* [What you need to do]:
Exercise in exact copying: restate word for word only the lines below from the one containing "Samoa Siapo Motif" through the one containing "Brunello Cucinelli Ριγέ", omitting any pictures.

* [Data listing]:
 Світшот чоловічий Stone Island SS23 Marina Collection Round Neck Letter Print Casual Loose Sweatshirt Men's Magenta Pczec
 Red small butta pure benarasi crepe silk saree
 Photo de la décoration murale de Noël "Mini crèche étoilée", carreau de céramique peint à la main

---

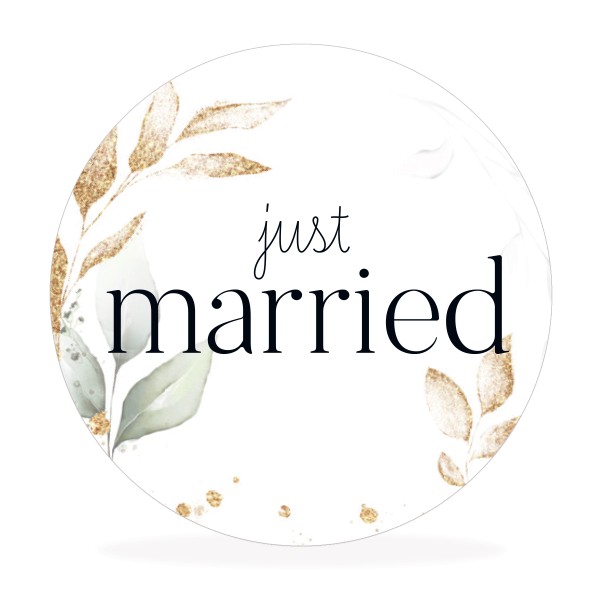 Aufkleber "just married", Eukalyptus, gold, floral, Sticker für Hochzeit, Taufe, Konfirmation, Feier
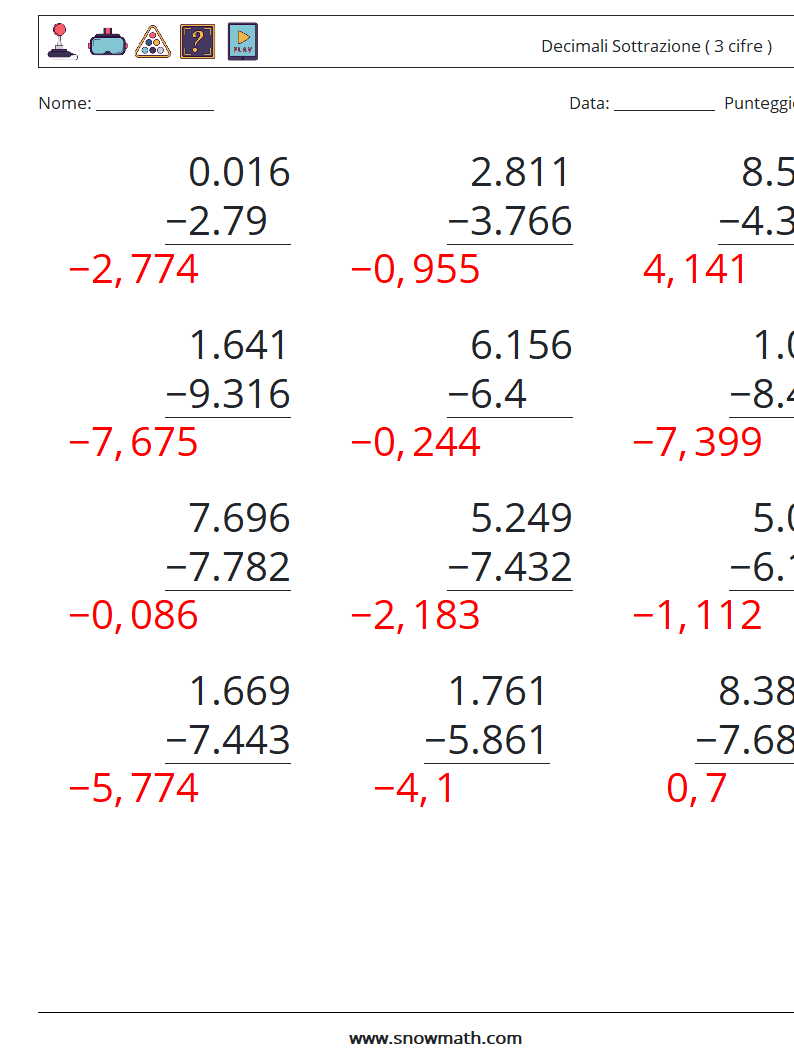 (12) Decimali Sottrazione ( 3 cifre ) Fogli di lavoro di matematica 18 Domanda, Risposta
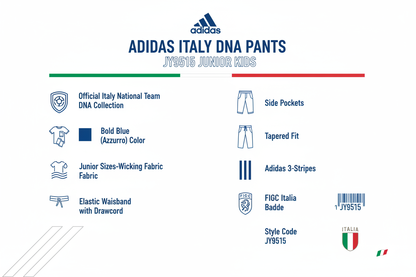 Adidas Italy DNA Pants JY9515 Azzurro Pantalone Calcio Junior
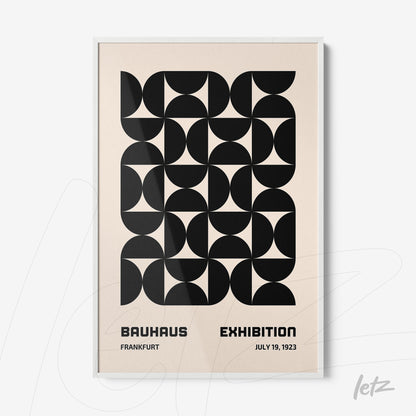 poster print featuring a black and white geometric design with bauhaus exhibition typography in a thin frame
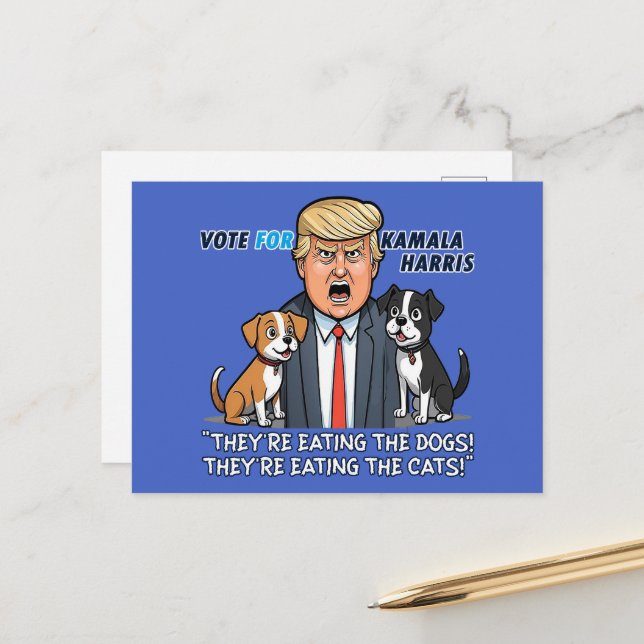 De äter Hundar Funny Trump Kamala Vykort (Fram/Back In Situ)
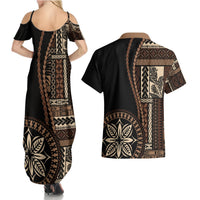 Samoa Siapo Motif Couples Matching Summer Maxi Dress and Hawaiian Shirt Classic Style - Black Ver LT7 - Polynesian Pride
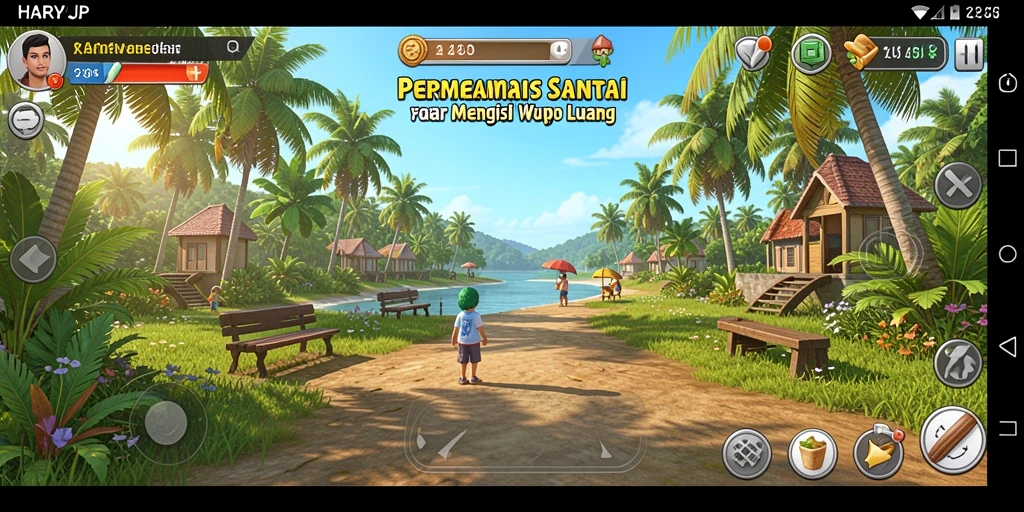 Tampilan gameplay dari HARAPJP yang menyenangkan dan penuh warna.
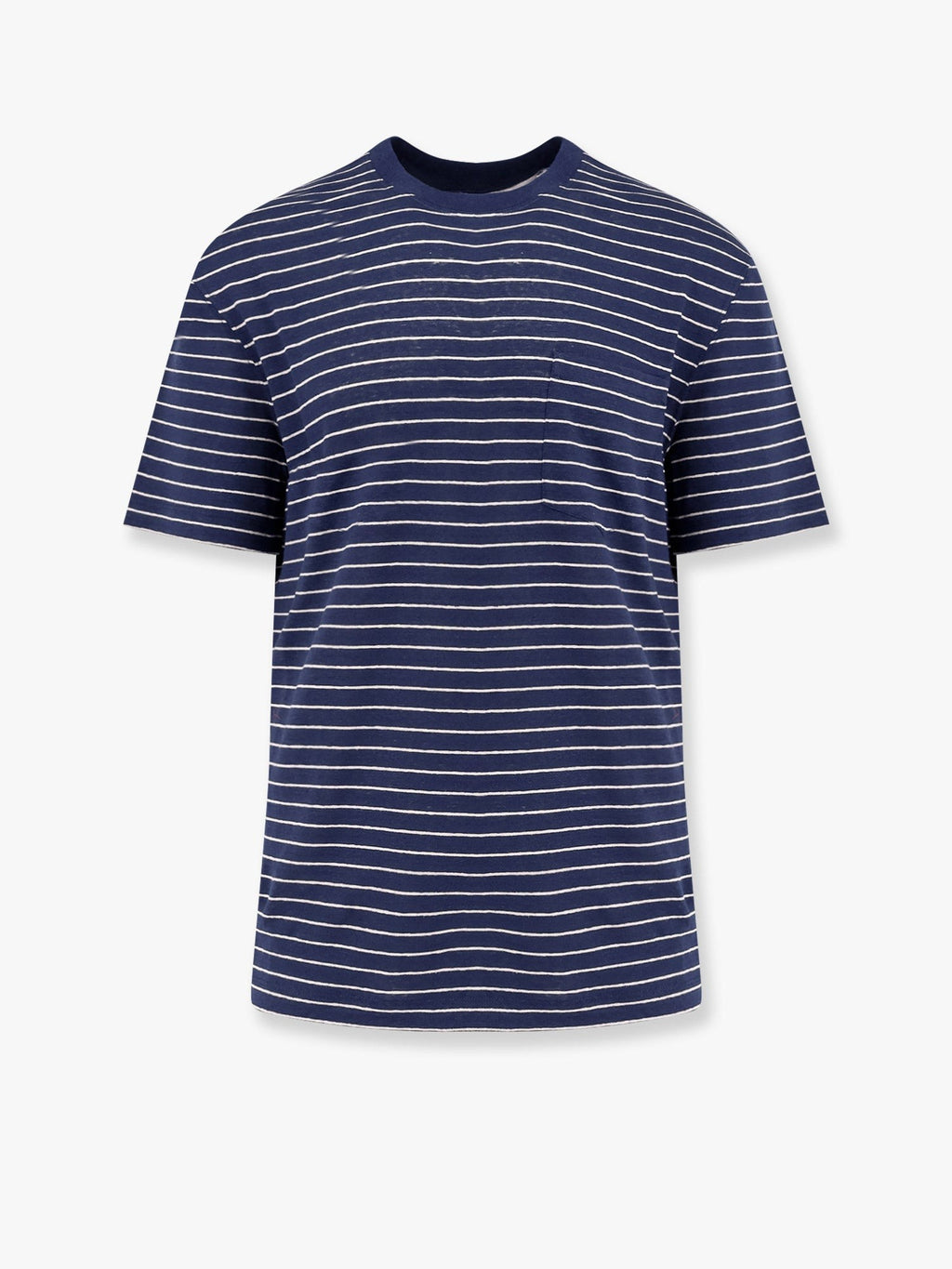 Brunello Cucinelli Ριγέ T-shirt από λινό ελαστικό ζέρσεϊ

* * *

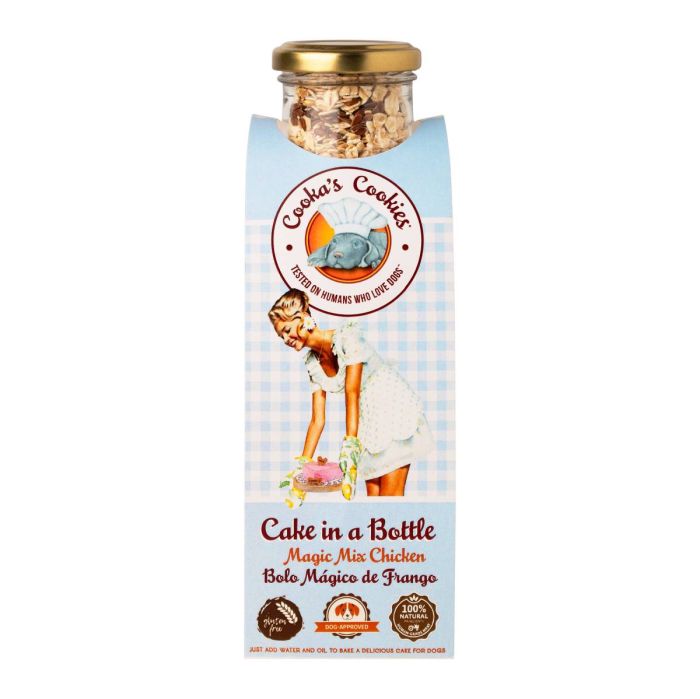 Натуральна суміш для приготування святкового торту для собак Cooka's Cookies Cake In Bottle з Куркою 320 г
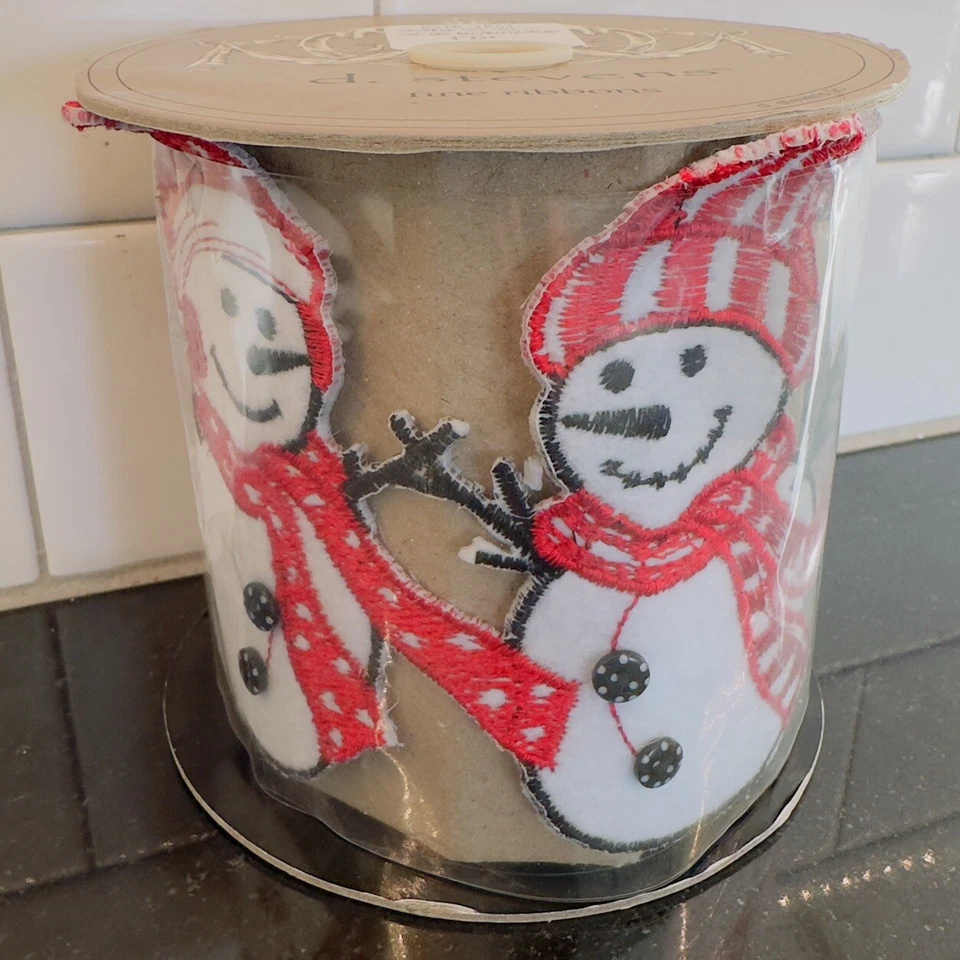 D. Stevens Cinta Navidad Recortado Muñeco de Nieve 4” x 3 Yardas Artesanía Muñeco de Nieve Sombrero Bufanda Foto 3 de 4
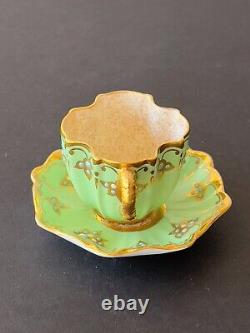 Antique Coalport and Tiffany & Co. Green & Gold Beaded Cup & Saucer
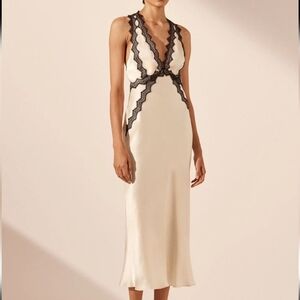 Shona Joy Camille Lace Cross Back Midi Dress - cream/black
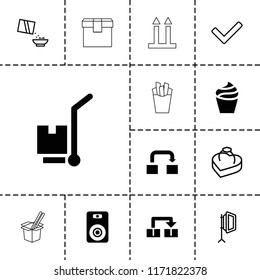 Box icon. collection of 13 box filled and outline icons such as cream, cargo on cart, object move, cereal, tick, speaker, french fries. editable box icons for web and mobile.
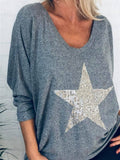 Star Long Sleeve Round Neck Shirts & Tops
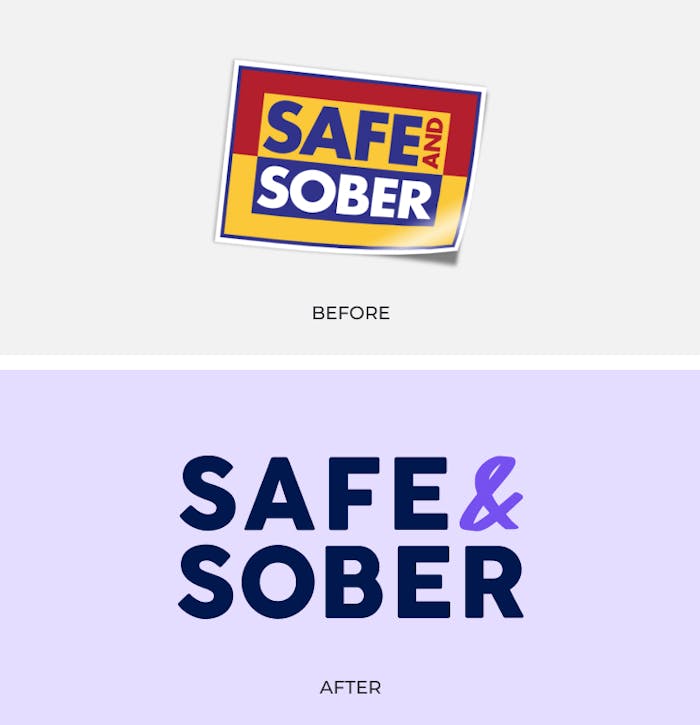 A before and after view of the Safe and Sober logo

* [Exercise solution]:
 Samoa Siapo Motif Couples Matching Summer Maxi Dress and Hawaiian Shirt Classic Style - Black Ver LT7 - Polynesian Pride
 Tampilan gameplay dari HARAPJP yang menyenangkan dan penuh warna.
 Brunello Cucinelli Ριγέ T-shirt από λινό ελαστικό ζέρσεϊ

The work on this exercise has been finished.